Pleat’s debut memoir is a love story and tribute to her faith, prayer and God.
Everyone has a story to tell. Pleat chronicles meeting her “soul mate” when she was 55, marrying him seven months later. To her surprise, her future husband and she worked at the same school on Long Island for years but had nothing more than a formal relationship until Irv Pleat asked her to accompany him to the school’s senior prom. “[H]e was a gentleman; I respected him. I can’t explain or give any rational reason as to why I responded to Mr. Pleat as I did; I can only report what I did, not why I did it,” she writes. And therein is the problem with this section and many others. The author often doesn’t achieve the all-important balance between showing the reader her feelings and simply recounting them or not explaining them at all. When Irv suffers a subdural hematoma and, after brain surgery, remains in a coma for 10 days before a long but eventual recovery, Pleat recounts her life pre-marriage; she’d always had faith that God would one day lead her to lasting love: “God’s time and answer weren’t under my control.
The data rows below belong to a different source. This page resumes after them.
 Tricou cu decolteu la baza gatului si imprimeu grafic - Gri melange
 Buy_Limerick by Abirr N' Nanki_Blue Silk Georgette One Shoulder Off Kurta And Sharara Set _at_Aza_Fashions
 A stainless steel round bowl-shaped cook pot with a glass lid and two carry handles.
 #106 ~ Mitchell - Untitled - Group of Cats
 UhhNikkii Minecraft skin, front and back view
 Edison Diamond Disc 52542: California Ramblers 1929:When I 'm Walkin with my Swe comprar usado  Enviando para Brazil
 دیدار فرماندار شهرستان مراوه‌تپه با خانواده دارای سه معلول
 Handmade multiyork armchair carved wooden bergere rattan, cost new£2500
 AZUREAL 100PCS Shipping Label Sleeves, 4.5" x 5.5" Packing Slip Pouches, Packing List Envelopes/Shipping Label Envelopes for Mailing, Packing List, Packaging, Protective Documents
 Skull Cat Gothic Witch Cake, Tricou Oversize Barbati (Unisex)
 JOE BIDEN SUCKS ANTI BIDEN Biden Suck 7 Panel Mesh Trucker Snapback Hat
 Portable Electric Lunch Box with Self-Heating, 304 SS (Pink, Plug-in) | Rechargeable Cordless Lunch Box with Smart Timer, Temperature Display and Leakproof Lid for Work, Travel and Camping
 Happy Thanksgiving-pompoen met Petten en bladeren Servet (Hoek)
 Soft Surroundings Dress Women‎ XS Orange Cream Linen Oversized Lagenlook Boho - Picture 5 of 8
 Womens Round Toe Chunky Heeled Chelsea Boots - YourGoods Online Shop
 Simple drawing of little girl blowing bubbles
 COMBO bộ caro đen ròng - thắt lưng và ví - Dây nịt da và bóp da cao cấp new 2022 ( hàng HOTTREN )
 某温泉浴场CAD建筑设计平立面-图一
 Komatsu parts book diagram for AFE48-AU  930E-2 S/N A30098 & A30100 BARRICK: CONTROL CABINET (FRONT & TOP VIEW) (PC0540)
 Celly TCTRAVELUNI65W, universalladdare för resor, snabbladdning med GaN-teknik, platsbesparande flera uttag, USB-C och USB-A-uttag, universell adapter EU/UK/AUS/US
That’s what makes the Lord’s miracles so overwhelmingly beautiful.” The author reminisces about her previous boyfriends, her role as director of school plays and the full life she led as a single woman. During summer vacations, Pleat and her mother had traveled in Europe. The litany of these experiences reads not like an engaging travelogue but rather a series of trips that leaves the reader wanting more details and feelings. During a three-day pilgrimage to Lough Derg, the sanctuary of St. Patrick, Pleat and the others ate little food, didn’t talk and had little sleep. What was it like? Pleat doesn’t explain, and as a result, readers may lose interest.
An unusual life told rather than reimagined.